There are times in a journey that it seems appropriate to take stock, look back, look forward and decide where to go next and how. Now is one of those times. I have now finished TU812 so I am leaving behind a learning system that someone else has structured and guided me through. Now, I am on my own. I need to be my own guide for a while.
In the past, I viewed the times when I was studying an OU module as a time of learning and the in-between times as times of embedding and consolidating. I think that this is a reasonable approach given that you get so much thrown at you in a module it is hard to stand back from it all and see its value at the time. But, the distinction should not really be of times when I ‘learn’ and times when I ‘do’, because in taking on board a disposition of small ‘r’ researcher, I am always learning just that some of it involves learning from the academic/intellectual endeavours and some of it involves learning from practice and experience.
I recognise now that the learning I value most from my history of being an OU student is when the academic/intellectual is immediately relevant to my practice. And the learning that I most value from practice and experience is where I have used concepts/tools from academic/intellectual fields as an integral part of reflection and planning of actions. In other words, it works best when I am braiding the two.
OU courses have always given me the space to approach this in a rigorous and staged way – and through the process of assignments and examined work, you can get a real idea of how well you are doing this. But to use Schon’s metaphor – this is the high ground – a place where intellectual rigour and academic standards are important. The trick seems to be how you take the skills, knowledge and tools that you gather on the high ground into the swampy lowland of issues of concern.
I suppose this is where the discipline of Systems is different, it may operate as an intellectual discipline but it aims to give you the skills, knowledge and tools that are appropriate for the swamp, rather than skills, knowledge and tools that are appropriate for the high ground.

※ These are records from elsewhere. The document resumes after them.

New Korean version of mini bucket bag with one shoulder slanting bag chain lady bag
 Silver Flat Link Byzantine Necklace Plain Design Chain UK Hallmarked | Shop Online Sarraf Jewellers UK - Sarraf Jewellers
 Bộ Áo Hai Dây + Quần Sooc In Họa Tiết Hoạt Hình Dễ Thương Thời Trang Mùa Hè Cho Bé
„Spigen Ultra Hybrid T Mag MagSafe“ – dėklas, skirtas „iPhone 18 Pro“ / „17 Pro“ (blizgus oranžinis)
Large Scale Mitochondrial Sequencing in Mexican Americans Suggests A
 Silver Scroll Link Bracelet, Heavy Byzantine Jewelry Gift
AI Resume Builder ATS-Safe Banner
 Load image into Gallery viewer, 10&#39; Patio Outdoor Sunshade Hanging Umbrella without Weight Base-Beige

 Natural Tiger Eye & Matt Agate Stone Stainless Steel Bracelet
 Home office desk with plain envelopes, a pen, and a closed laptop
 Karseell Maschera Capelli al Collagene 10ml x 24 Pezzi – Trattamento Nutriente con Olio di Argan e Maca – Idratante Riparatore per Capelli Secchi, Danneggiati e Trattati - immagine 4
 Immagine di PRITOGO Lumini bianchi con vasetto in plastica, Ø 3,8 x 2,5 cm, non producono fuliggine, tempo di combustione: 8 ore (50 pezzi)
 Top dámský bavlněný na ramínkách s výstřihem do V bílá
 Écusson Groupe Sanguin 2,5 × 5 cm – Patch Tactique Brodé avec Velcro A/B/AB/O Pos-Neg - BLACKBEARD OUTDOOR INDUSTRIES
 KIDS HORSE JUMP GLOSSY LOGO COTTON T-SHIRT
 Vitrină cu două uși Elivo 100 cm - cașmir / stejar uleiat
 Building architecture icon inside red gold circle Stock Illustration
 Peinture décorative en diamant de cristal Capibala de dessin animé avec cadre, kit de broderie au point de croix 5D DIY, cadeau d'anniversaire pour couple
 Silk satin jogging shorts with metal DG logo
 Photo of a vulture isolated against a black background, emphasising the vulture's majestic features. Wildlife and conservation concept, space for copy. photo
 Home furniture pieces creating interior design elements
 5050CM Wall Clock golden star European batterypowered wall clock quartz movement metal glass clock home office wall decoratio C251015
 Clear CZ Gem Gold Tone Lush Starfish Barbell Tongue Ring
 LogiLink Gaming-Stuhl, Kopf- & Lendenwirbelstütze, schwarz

In studying Systems, I have actually had to practice going through the swampy lowland from one shore of high ground to another – little islands of security to take stock before wading some more.
In real life, it’s easy to get bogged down in the swamp – time pressures; multiple demands; and no real sense of where you are going and what you may need along the way. So in going on a self-guided journey I need to carry with me those ideas, tools and concepts I have gathered in my Systems studies and I need to travel with awareness of all of the choices that those ideas, tools and concepts give me. And, remember that the course materials and text books offers shores of sanity if I need them.
(My mind has found a parallel in computer games! I am not an Xbox user but I did once play Sonic the hedgehog enough to get through to the end 🙂 . The experienced player of a game knows where to find the super-powers his or her character needs to get through the most difficult parts of the game. So they learn through experience to collect the ‘jump high’ power, three or four screens before the character will need to do an extra high jump.)
The other big difference is feedback – as a formal student you get a mark, it is very tangible and practically real time compared with the time lag in the real world. In the swamp, the map changes as you go through it, at times the compass just spins around, and sometimes you realise that you have just ignored and gone past something that was significant just because you did not know to value it at the time. Evaluating your own journey and accepting the difficulties of ‘valuing’ and time lag are part and parcel of journeying in the swamp.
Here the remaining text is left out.